Nos últimos anos, o apetite chinês pelos produtos agrícolas brasileiros fez com que o setor batesse recordes de exportação. Entre agosto de 2023 e julho de 2024, segundo dados da secretaria de Comércio Exterior (Secex), a China respondeu por 35% de todo o volume de produtos exportados pelo agronegócio brasileiro. Entre janeiro e outubro, o Brasil exportou cerca de 93 milhões de toneladas de soja, das quais 70% tiveram como destino o país asiático.
Mas a fome do dragão vermelho por alguns produtos, especialmente soja, pode ser menor nos próximos anos. Os motivos são a maior produção daquele país, o envelhecimento da população e a estabilização no consumo.
“Tivemos um boom de demanda da China por commodities que impulsionou a produtividade global, mas esse ritmo deverá ser menor nos próximos anos”, pondera o chefe-geral da Embrapa Soja, Alexandre Nepomuceno.
A saída? Diversificar. Segundo o pesquisador, a desaceleração da demanda chinesa pode ser uma oportunidade para o Brasil investir no desenvolvimento de novas tecnologias para diversificação de produtos feitos a partir da soja e seus derivados.
“O que nós vamos fazer com o volume de soja que deixará de ser embarcado para a China no futuro?", questiona.
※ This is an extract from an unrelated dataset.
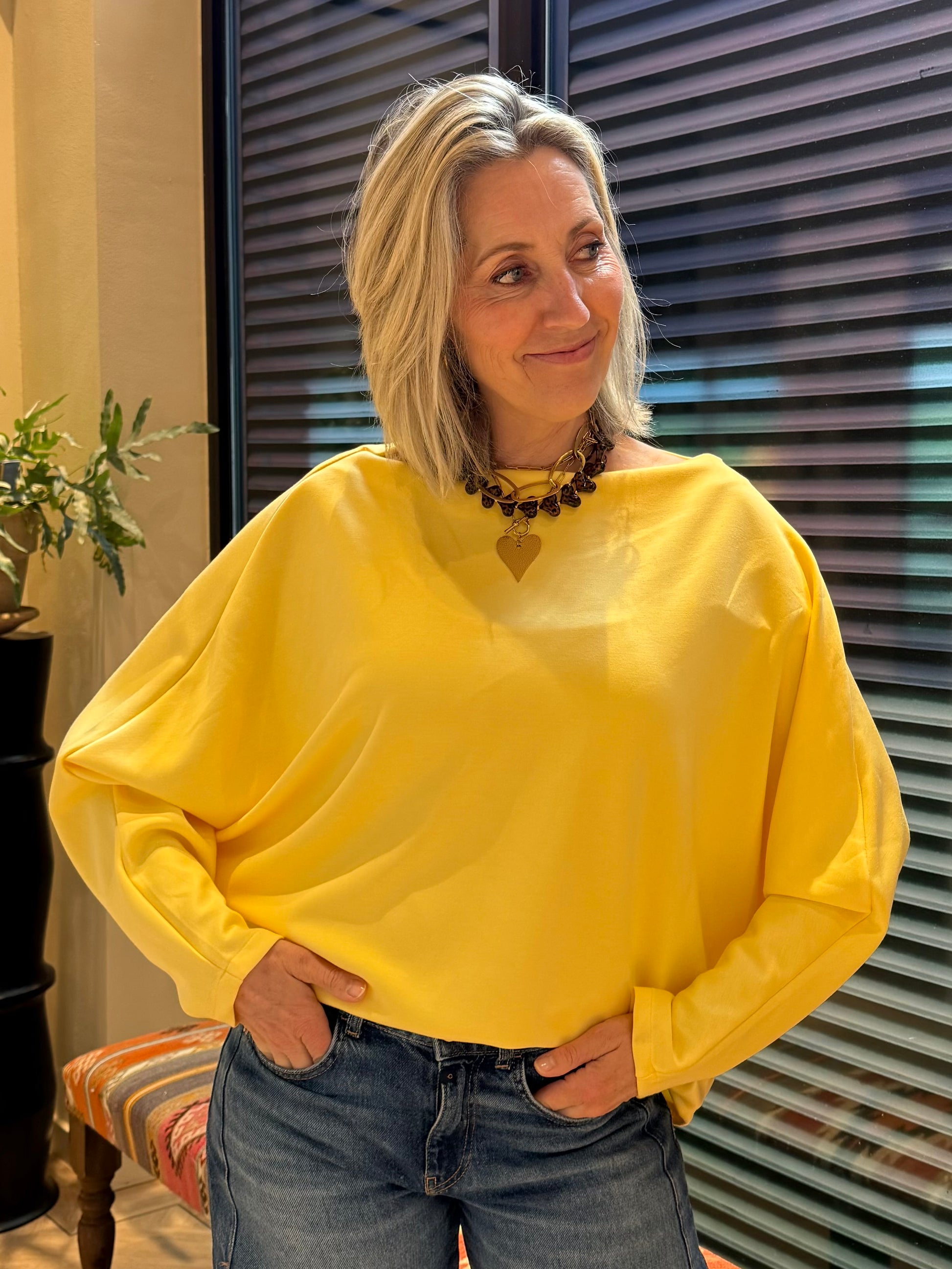 Azzurro Sweater Gaby Geel - Peet kleding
A crescente demanda por biocombustíveis é um caminho para que soja antes exportada para a China possa ser utilizada na rota produtiva para a produção de combustível sustentável de aviação (SAF, em inglês) a partir do óleo de soja.
“Os EUA já estão investindo na produção de SAF e HVO (diesel verde). O Brasil está começando, o que vai abrir espaço em mercados com maior valor agregado", pondera.
Em setembro, a Embrapa e a Petrobras assinaram um acordo de cooperação para a produção de soja de baixo carbono, química verde e fertilizantes.
A parceria inclui investimentos na implantação de unidades industriais para a produção de biocombustíveis e outros bioprodutos por parte da Petrobras, enquanto a Embrapa vai entrar com o desenvolvimento de protocolos de produção agrícola de baixo carbono.
“Estamos abrindo caminho, esse projeto é algo pioneiro no Brasil", afirma Nepomuceno. O projeto ainda conta com apoio da Cargill, Bayer, UPL, Coamo, Cocamar, Bunge e GDE. A expectativa é que até meados de 2026 os primeiros protocolos estejam prontos para registro no Ministério da Agricultura.
Além dos biocombustíveis, Nepomuceno considera que o desenvolvimento de novas tecnologias para a fabricação de bens de consumo a partir da soja são o caminho para o mercado brasileiro nos próximos anos.
“Já somos uma potência na exportação de commodities e agora podemos dar um novo salto e desenvolver pneus, calçados e outros materiais que terão maior valor agregado, trarão mais divisas e contribuirão para desenvolver negócios no país", avalia o pesquisador.
Novas fronteiras agrícolas
Outro ponto de atenção para o Brasil está relacionado ao desenvolvimento da produção agrícola no continente africano.
Nepomuceno afirma que, pelas similaridades de clima entre as duas regiões, o Brasil teria oportunidade de negócios com a África, desde que faça a “lição de casa".
Isso inclui o desenvolvimento de estratégias para um intercâmbio de conhecimento e comercialização de tecnologias já estabelecidas no Brasil e que podem auxiliar a África no desenvolvimento do agronegócio.
Ele explica que na África subsaariana existem cerca de 200 mil hectares em terras para a produção agrícola.
"Temos know-how em agricultura tropical e a oportunidade de comercializarmos essa experiência, levarmos as empresas brasileiras para lá. Para isso, é preciso que haja uma estratégia coerente, não de governo, mas de Estado”, diz.
De olho nesse potencial, algumas empresas já arregaçaram as mangas para iniciar o trabalho na região. É o caso da corretora paulista Planner que iniciou a captação de US$ 500 milhões e deve criar um fundo de private equity com foco na expansão de novas fronteiras agrícolas na África subsaariana em países como Quênia, Ruanda e Etiópia.
Caso o Brasil deixe passar a oportunidade, ele avalia que o continente africano pode se tornar um potencial concorrente nas próximas décadas. Entre as vantagens, estariam a maior proximidade da região com os mercados da Europa, Oriente Médio e Ásia.
“A China já destina quase 50% de seus investimentos internacionais para a África, com investimento em terras e infraestrutura".